START INPUT DATA
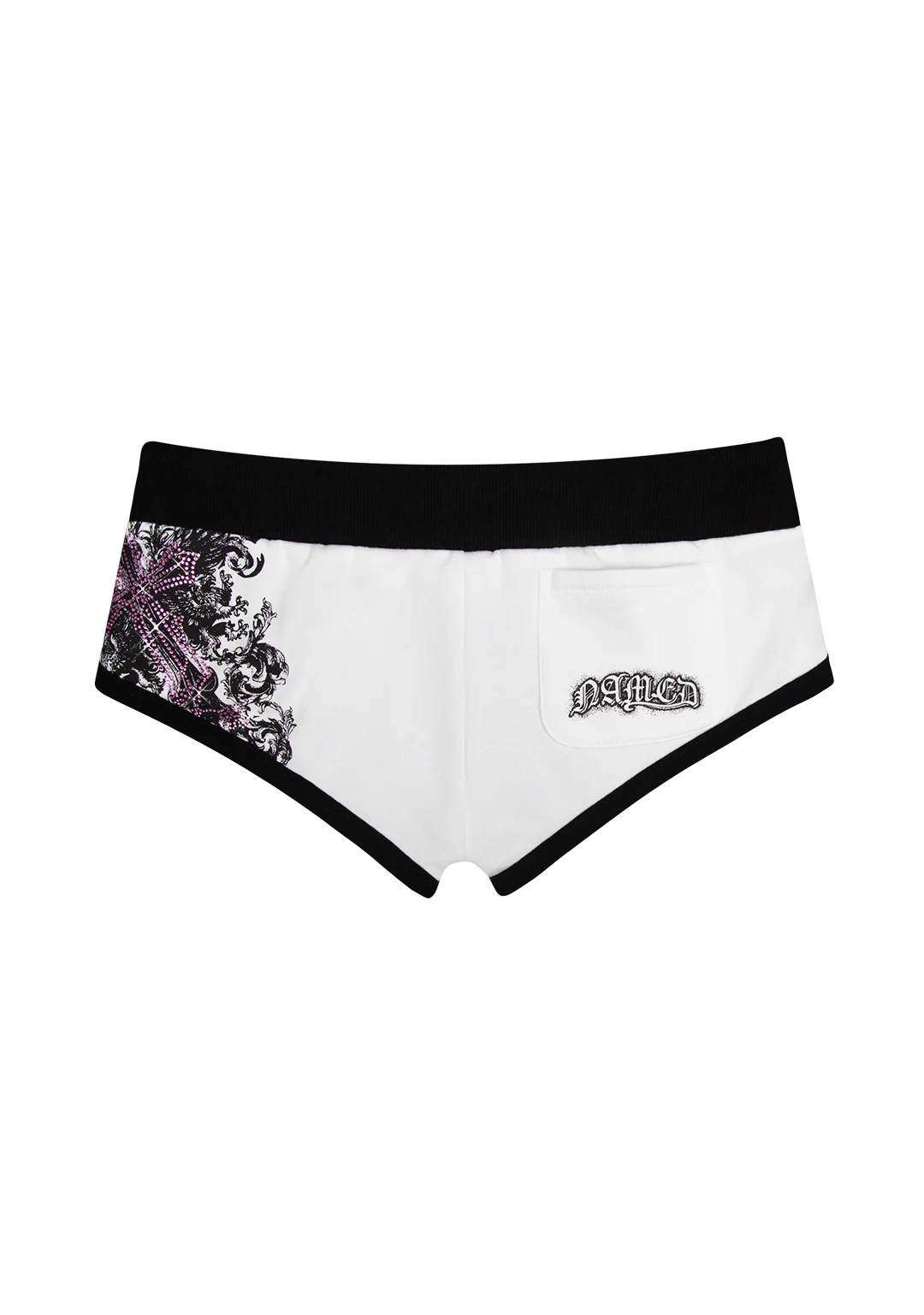 VICE RHINESTONE MICRO RACER SHORTS WHITE - Image 7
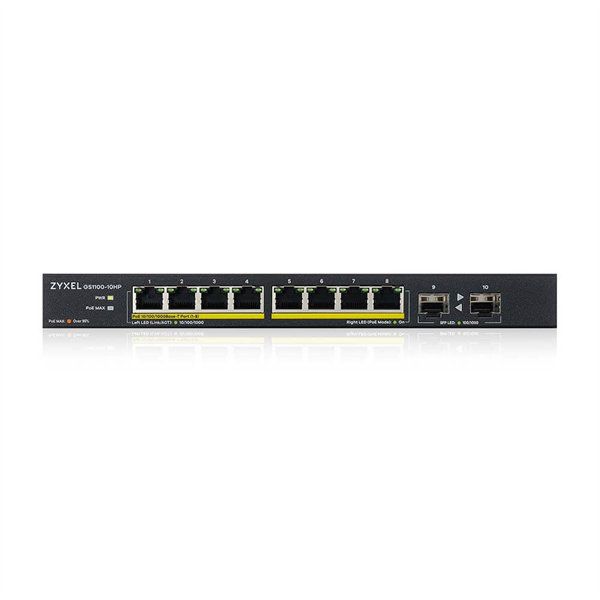 Фото PoE+ Zyxel GS1100-10HP, 8xGE PoE+, 2xSFP, настольный, бесшумный, бюджет PoE 130 Вт, Kensigton lock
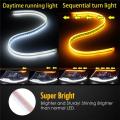 60cm Daytime Running Light Turn Signal Lamps Flexible Soft Tube Guide 2 PCs White Yellow Ultrafine DRL 12V Car LED Strip. 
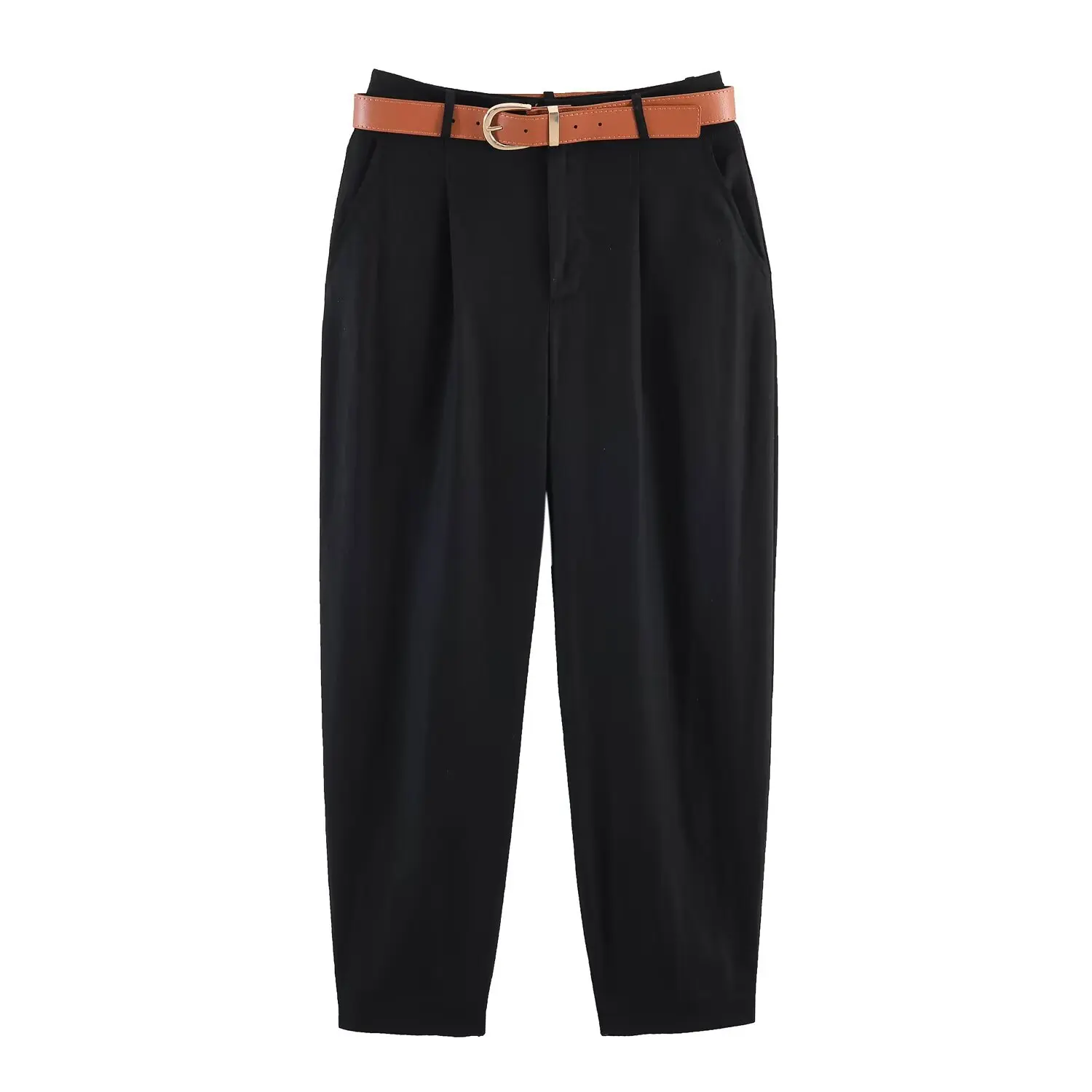 y2k Casual Slim Black 2026 Spring New Fashionable Blended Pleated Pants with Belt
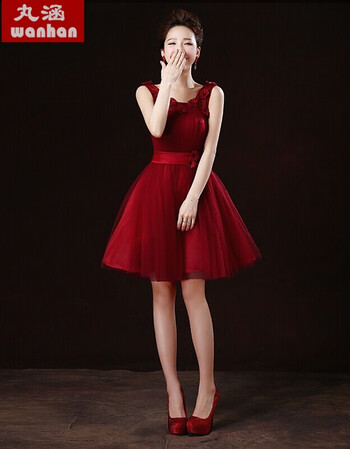 喜婆婆婚宴时尚礼服2017新款结婚穿的衣服女红色新娘回门小礼服订婚进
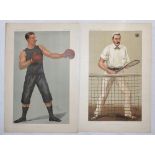 Sporting Vanity Fair lithographs. Three original lithographs 'Hard Hitter'. Captain Edgeworth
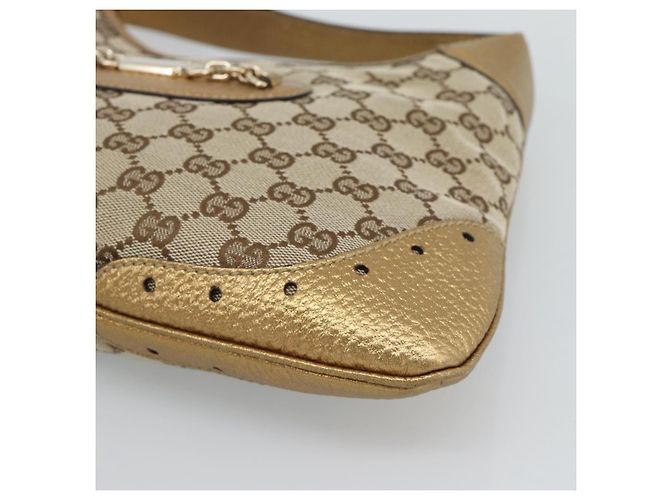 Borsa GUCCI GG Canvas Beige Oro 145778 Auth 189094V D'oro - vista 10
END INPUT DATA
WHAT TO DO:
From the first line to the last, copy the listing above exactly, dropping all images.

TASK SOLUTION:
 VICE RHINESTONE MICRO RACER SHORTS WHITE - Image 7
 Фото PoE+ Zyxel GS1100-10HP, 8xGE PoE+, 2xSFP, настольный, бесшумный, бюджет PoE 130 Вт, Kensigton lock
 60cm Daytime Running Light Turn Signal Lamps Flexible Soft Tube Guide 2 PCs White Yellow Ultrafine DRL 12V Car LED Strip. 
 y2k Casual Slim Black 2026 Spring New Fashionable Blended Pleated Pants with Belt
 喜婆婆婚宴时尚礼服2017新款结婚穿的衣服女红色新娘回门小礼服订婚进
 Sporting Vanity Fair lithographs. Three original lithographs 'Hard Hitter'. Captain Edgeworth
 Borsa GUCCI GG Canvas Beige Oro 145778 Auth 189094V D'oro - vista 10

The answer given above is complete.